Primeiro, a Marriott concordou em um acordo de 52 milhões de dólares com um grupo de 50 procuradores gerais dos EUA. De acordo com o Procurador Geral de Connecticut, William Tong, 131,5 milhões de clientes de hotéis nos estados tiveram suas informações comprometidas nos ataques aos hotéis.
Em segundo lugar, um acordo com a Comissão Federal de Comércio exigirá que a Marriott e sua subsidiária Starwood Hotels & Resorts implementem um novo sistema de segurança da informação para proteger contra futuras exposições de dados. O acordo da FTC inclui medidas como minimização de dados, ferramentas de revisão de contas para seus programas de recompensas de fidelidade e um link para que os hóspedes solicitem a exclusão de suas informações pessoais.
Os acordos de hoje se concentram em três violações de dados separadas na Marriott e Starwood entre 2014 e 2020 que permitiram que agentes maliciosos acessassem informações de passaporte, números de cartões de pagamento, números de fidelidade, datas de nascimento, endereços de e-mail e outras informações pessoais.
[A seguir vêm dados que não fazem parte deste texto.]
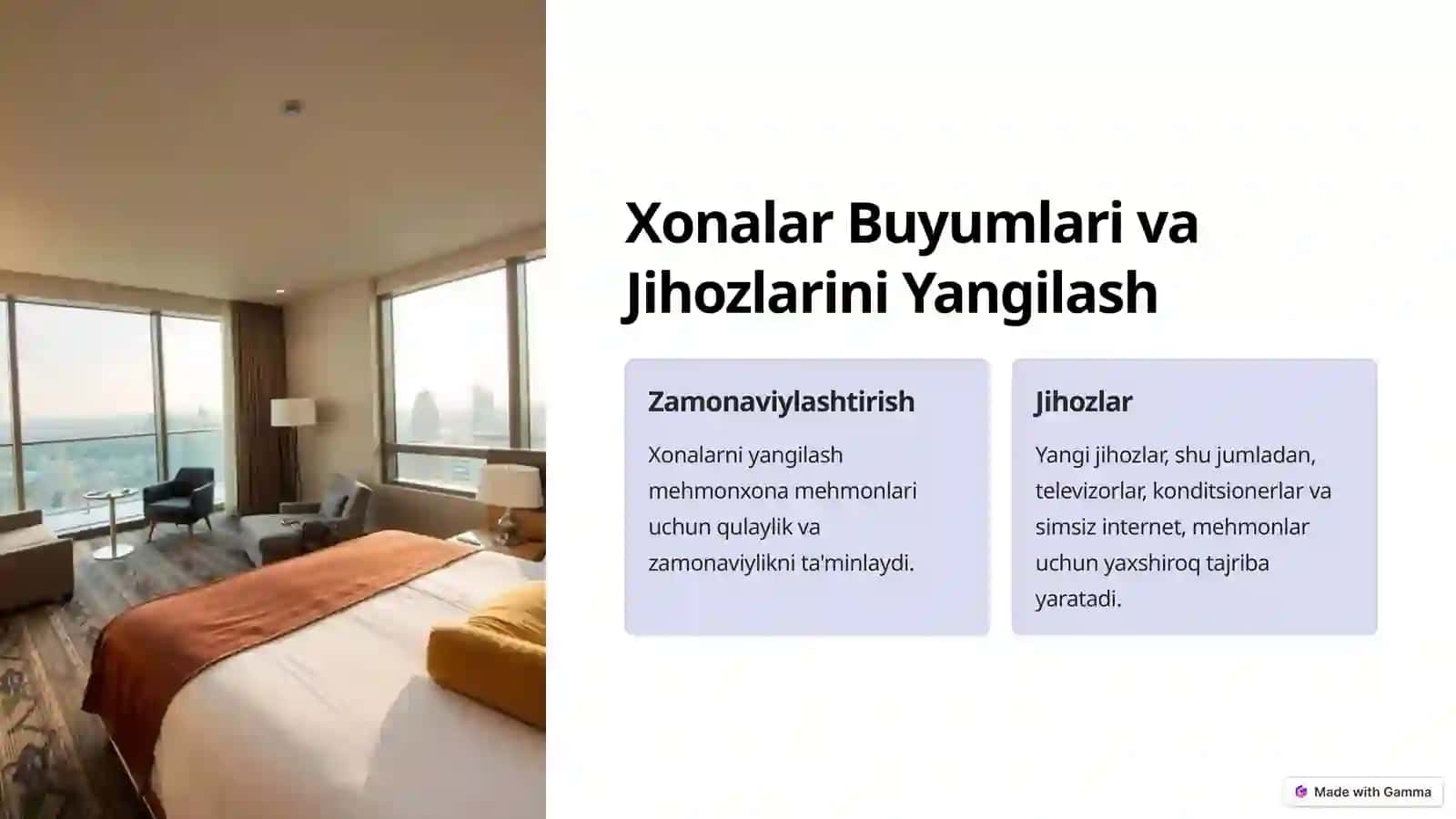 Mehmonxona Xo'jaligining Joriy Rejasi 3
Mas as questões de cibersegurança têm sido uma preocupação contínua para esses dois negócios na última década. Hackers usaram “técnicas de engenharia social” para acessar um computador de funcionário e roubar cerca de 20GB de dados de clientes. A Marriott também foi parte de um ataque maior ao Pyramid Hotel Group em 2019. A Starwood foi vítima de uma violação de dados descoberta em 2018; a empresa enfrentou uma multa de cerca de 127,3 milhões de dólares no Reino Unido por esse incidente.